My inner toffee-nosed twit is thrilled with this development. I've always hated that Coffee Time. Open nearly 24 hours a day, it was a magnet for every down-and-outer in a five kilometer radius. I walked past it at least twice a day, and every day the same characters would be seated within, hunched over their paper cups of lousy coffee, reading Renter's News and Employment Today. It reeked of misery and quiet desperation. Sometimes loud desperation, in the form of the portly half-shaven guy who used to loiter outside by the newspaper boxes, trying to strike up conversation with passing women. "Hey gorgeous", "Hey beautiful", "Hey good looking."
I guess, in a way, it's sad. It served a purpose: there are no other coffee shops in the neighbourhood, not that I know of anyway, so until the Tim Horton's express place opened up in the shiny new gas station across the street, there was really nowhere else to get a take-out coffee, and certainly nowhere in the immediate vicinity to sit down and have a cuppa, and watch the world go by.

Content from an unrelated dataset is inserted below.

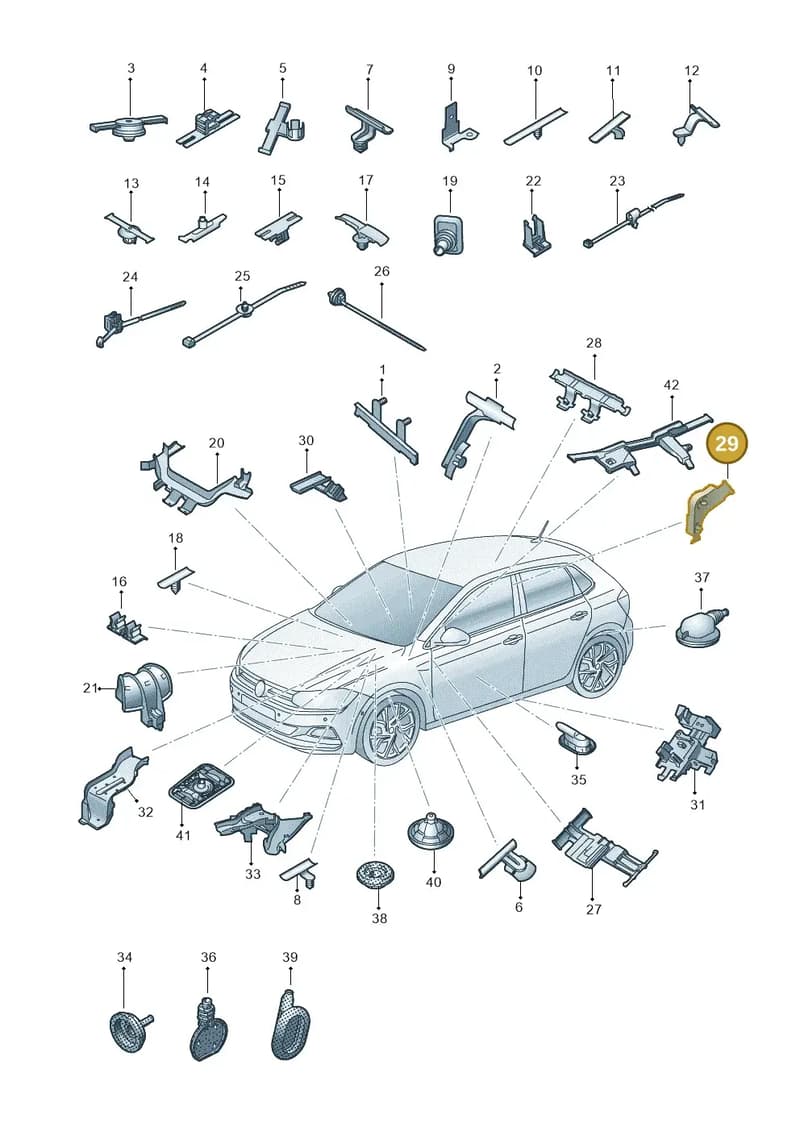 2G0971615E — Volkswagen Polo (2017-2025) diagram 837971830, position 29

In 2001, when I first moved to the area, I walked down to Dupont to buy a bottle of wine at the LCBO. The clerk who served me, a grandfatherly sort, made conversation as he rang up my purchase: "You're new - I've never seen you before."
"Oh, I just moved here today," I replied.
"From where?"
"Willowdale - Yonge and Sheppard," I said.
He whistled. "It's nice up there. What are you doing down here in the ghetto?" It was hardly a ghetto, but with its garish Coffee Time, abandoned Red Raven restaurant, cut-rate patio furniture place (it had been a Loblaws grocery store), decrepit laundromat, and seedy-looking hamburger joint, Dupont at Davenport was a far cry from the increasingly yuppified and be-condoed suburb I had just left.
However, within months, strange things were afoot in DuDav. In 2001, pastry chef Jenn Stone opened J.S. Bonbons, a designer chocolaterie - she even gives chocolate-making classes. In 2002, the patio-furniture place was torn down and a new, enormous LCBO store was built in its place. The former LCBO store, after standing vacant for well over a year, now houses an upscale furniture shop. The Red Raven was vacant for nearly two years before the Pour House opened its doors. A piano sale/repair store opened next door to J.S. Bonbons last fall: the owners are given to artfully displaying deconstructed pianos in the front window.
And now, Coffee Time has finally given up the ghost. It's the end of an era on Dupont between St. George and Davenport. You read it here first, folks.